Most students have spent countless hours, mental space and money—for registration and sometimes a tutor—preparing for the ACT/SAT just to get back a score that doesn’t reflect what we know. Sure, there are hundreds of people who do well on the ACT, but what does a single score say about what a student will bring to a college? The answer: absolutely nothing.
A test score shows how well a student can take a test, not who they are as a person (or even their intelligence). The truth is, some of us are just bad test takers. We’ve all studied for months, gone to tutoring, taken practice exams every week and learned every shortcut and technique. All to do well on an exam we’re told will determine our future school.
In my practice exams for the ACT reading section, I scored very well—only missing a question or two—but when I was testing, my nerves got in the way, and I started to panic in the middle of the exam.
Another time, I got a nosebleed and started to bleed all over my test while simultaneously trying to convince the proctor not to take my test away and to let me finish. Sure, I did have the chance to retake the exam, and in turn hope for a better score, but every time I retook the ACT, the pressure of doing better kept building up until the word “ACT” filled me with dread.
I spent countless nights over the past year stressing over the ACT while balancing an already-stressful school workload.
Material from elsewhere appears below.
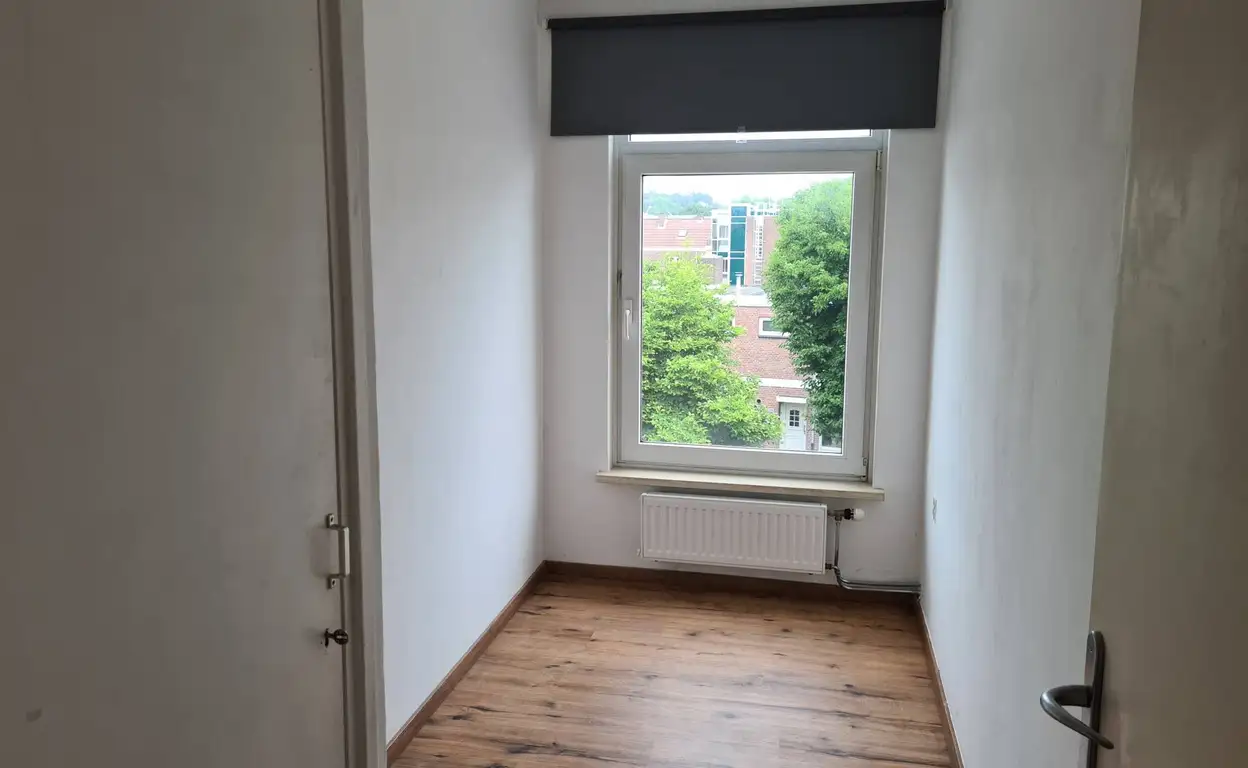 Foto #11 Appartement Mgr. Feronstraat Heerlen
In turn, I wasn’t able to spend as much time on the things that really define who I am, like journalism and Model UN.
Having spent several months doing ACT tutoring, there is one message I’ve learned: the ACT and SAT are designed to trick you. For example, the science portion of the ACT requires no knowledge of any science—even though it has the word “science” in the title—but instead tests your ability to read a passage and pick out valuable information. So, how does a 36 on the science section relate to a student’s knowledge about science and whether or not they’d succeed in a science field? It doesn’t.
I’m not proposing that we get rid of the ACT/SAT, but it should hold less importance in the college application process. I get that colleges need to have some way to compare students equally because some schools have different GPA scales, and some don’t have AP courses, but I wish test scores didn’t carry as much weight as they do. Schools claim that they don’t have a cut off test score, but it’s obvious that it’s hard to get into a school if you’re below a certain score.
I suggest schools join the 850—and growing—test-optional colleges in the U.S, and let students choose if they want to submit their ACT/ SAT scores. Schools should focus more on a student’s essays, GPA and extracurriculars because they are better indicators if a student is right for a school, not one number from one day.